An honest accounting of where this pattern needs care:

The between-passes window. Two statements means two commits, and a reader between them sees the changed keys with no current row. For nightly batch dimensions this is rarely observable in practice; if it matters, run both statements as one scheduled pipeline step and point consumers at views, or gate reads on the batch's completion.
Surrogate key generation. The demo derives keys with ROW_NUMBER() over a known offset, which is transparent for a tutorial but assumes single-writer batches. Production pipelines should derive the offset from the table's current maximum or use an identity mechanism.

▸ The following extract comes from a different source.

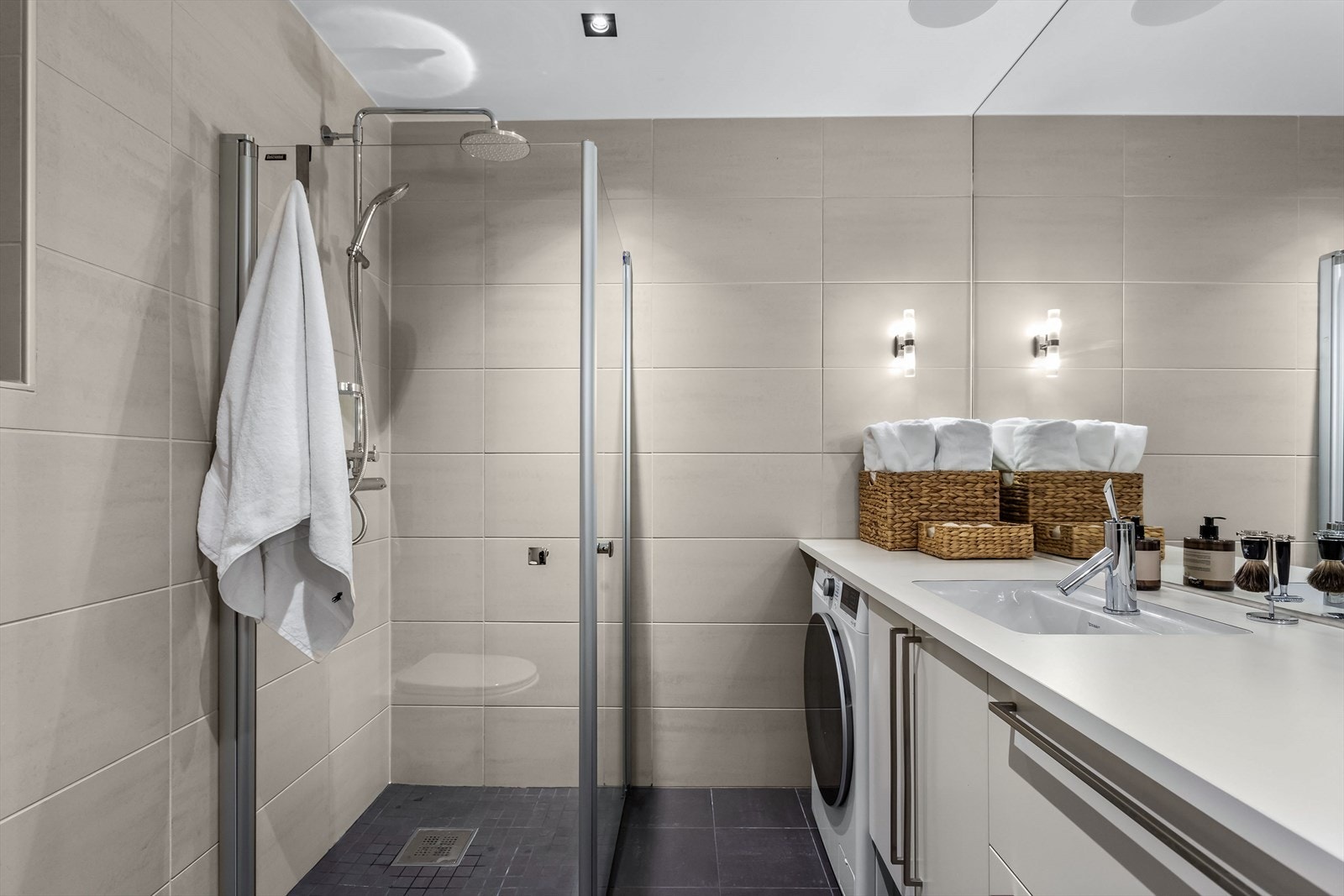 Delikat og innbydende bad med stor dusjsone, gulvvarme, downlights og servant med bred overbenk Galleribilde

One change per key per batch. The pattern applies one version transition per business key per run. If a key can change twice inside a single batch, deduplicate the feed to the latest change first, or process intra-batch history with effective timestamps before merging.
The ON predicate is the safety rail. Dropping is_current = 1 from the join does not fail; it silently expires historical rows too once the same key changes again. Keep the assertion queries from above in the pipeline so a regression surfaces as a failed run, not as quiet history corruption.

None of these are Delta-specific or DeltaForge-specific; they are the same trade-offs the pattern has on any warehouse. What the Delta format adds is the atomic commit per statement and the versioned log underneath, and what pure SQL adds is that the whole thing fits in one reviewable script instead of a notebook.